On being blown to the horizon

We started early, but not so early as to miss a red squirrel picking up and eating a fallen scrap of Alice's chocolate cake. If she was using the standard family recipe which includes a bit of coffee, there was the possibility of the squirrel going hyper on caffeine. This trope has been explored in the movies Hoodwinked and Over the hedge with "hilarious results" to borrow a phrase from old British TV listings.

The wind seemed against us most of the day. Initial and optimistic applications of sunscreen were relatively in vain as bright sunshine gave way to significant cloud cover.

We stopped in Clarenville for lunch as well as some internetting at the tourist information office. The next one in Goobies beside the statue of Morris the moose didn't have wifi. In fact, their computer had a dial up connection. The road out of Clarenville was quite dramatic, almost hacked out of a cliff!

We spent the night at the Tanker Inn which is a blue collar motel in Arnold's Cove. It was built in the early seventies to serve the workers at nearby Come-By-Chance whose refinery has a nicer name than history. In 2009, it was bought by Korean state oil company. At supper, there were two East Asian men at a table near us along with a group of Westerners. My theory is that the Asian men were Koreans from the head office.

The next day saw fog turn quickly to rain and what might have been an interesting crossing of the isthmus to the Avalon Peninsula turn into a wet slog. There were some sightings of dramatic barren landscapes in the fog, but nothing to lift our spirits. At Whitbourne, we stopped at the tourist information office to figure out where we would spend the night. After some discussion, Margo suggested that we call it day and hole up in the nearest motel or similar. Chris and I heartily agreed to this suggestion. Unfortunately, the nearest accommodation proved to be in Broad Cove, 10 km or so off the TCH, between South Dildo and Dildo, towns so rude that their names can't be used in certain Southern States. ;-)

The next morning, we got up late in order to get to a nearby whaling and sealing museum. It was poorly labelled, badly organised and glossed over the fact that whaling in the area had been a short-lived boondoggle. It did have an interesting photo of a two-headed Minke whale foetus that had been cut out of its mother. The museum also spared us the worst of an intense downpour. The day passed fairly drearily until mid-afternoon when a young woman on a lightly laden touring bike passed me out of the fog on a hill. A little later, I came up to here at the turn off the TCH we intended to take. We chatted for a bit as I waited for Margo and Chris and she for her dad. She and her dad had set out from Victoria some nine weeks earlier, after some pleasantries we parted company, they straight to St. John's and we to Witless Bay.

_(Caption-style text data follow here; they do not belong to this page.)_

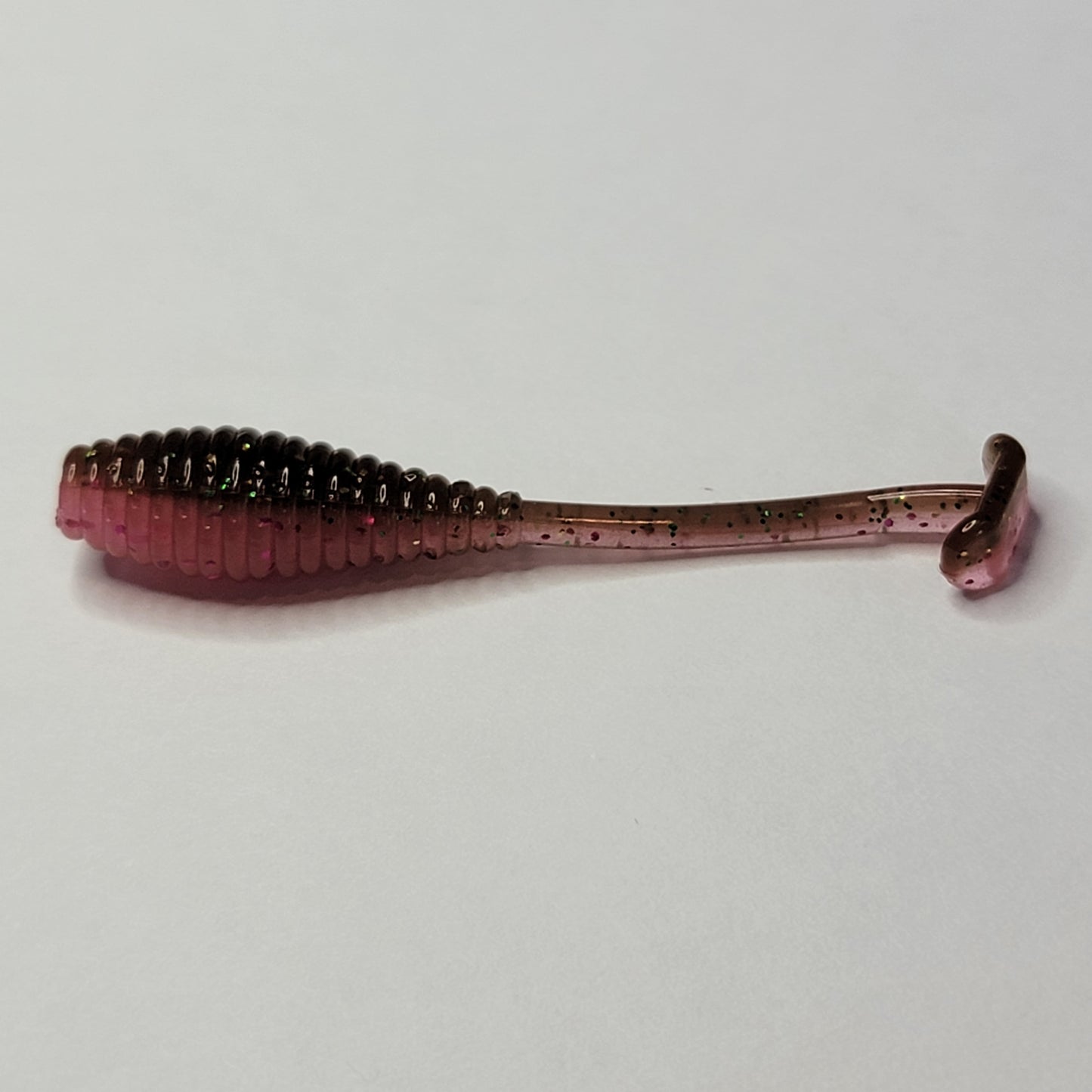 Chocolate Covered Cherry Glow Two Toned .75"-2" Panfish Baits 10pk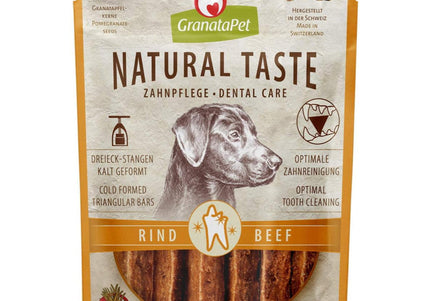 GranataPet Natural Taste Dental Care Snack – Beef Strips, Natural Meat Treats, 70g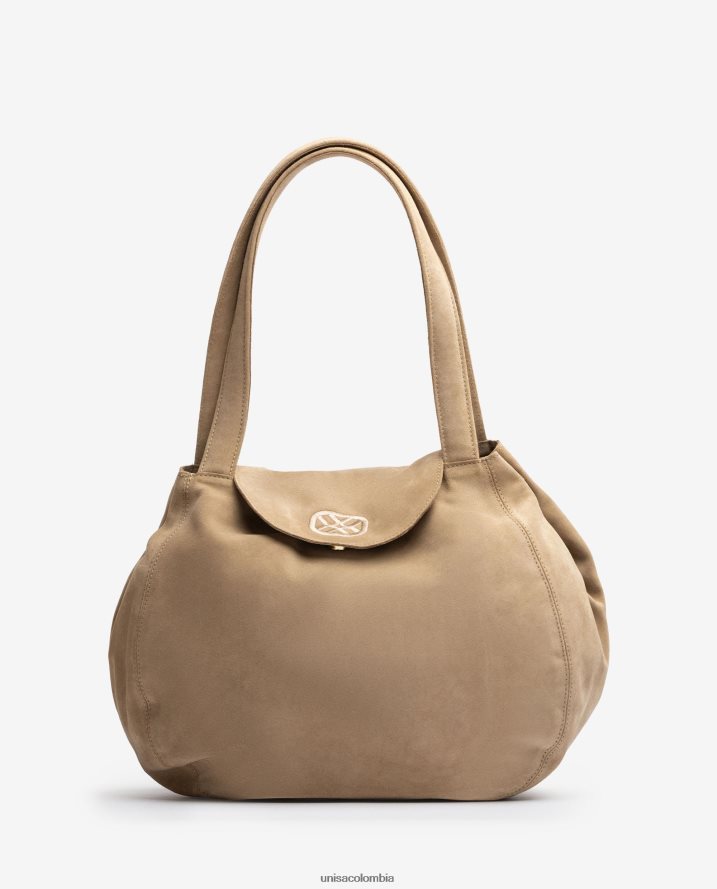 co Unisa mujer bolso de mano grande hecho en ante beige F0X80H1106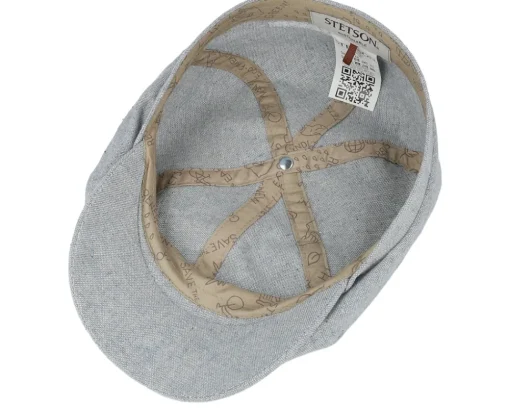 6-panel Cap Cotton Sustainable Light Blue Flat Cap - Stetson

The fog began to lift as we proceeded along route 13, with a stiff tailwind. The landscape was very windswept with few and stunted trees. There also sign saying you should stay off of the road in bad weather. We whizzed along the road.

The Atlantic seemed to lurk just beyond the curve of the Earth, beckoning me, the horizon having been brought. I had the feeling of being blown to the end of the road.

Near the sea we turned South to our efficiency unit where our hostess spoiled us with raisin buns and banana bread. I got to use the phrase "my cup runneth over" in conversation.

The next morning we rode to Bay Bulls, site of an ignominious RCMP operation, but more importantly, the embarkation point for a boat tour to the nearby Witless Bay Ecological reserve, where we could see puffins. I had selected the Gatheralls company for our tour as it used a catamaran boat that was likely to be the most stable for Chris. Puffins are iconic birds but I had never seen one in the feather before, as the little buggers like life out to sea. Hence, it was great fun to go on this trip especially as the guide kept a lively patter, full of bad jokes. "You will also be seeing some common murres, known as guillemots in Britain. Here in Newfoundland, we also call them good with gravy."

The puffins don't have an easy time near land as seagulls lurk near their breeding colonies ready to mug the poor puffin parents as they come into land with food for their chicks. In additions, the gulls will snatch up any chick venturing out of its burrow. Indeed, it is not unknown for the largest gulls to eat adult puffins!

After lunch, we climbed out of Bay Bulls onto relatively level upland with a strong tailwind that made biking very nice. I would use the adjective "pornographic" except that making love isn't pornographic. It was that good. It was easy to maintain speeds over 30, and not hard to break 40 along the flat, well paved surface. All to0 soon we ran out of road as we came into the outskirts of St. John's.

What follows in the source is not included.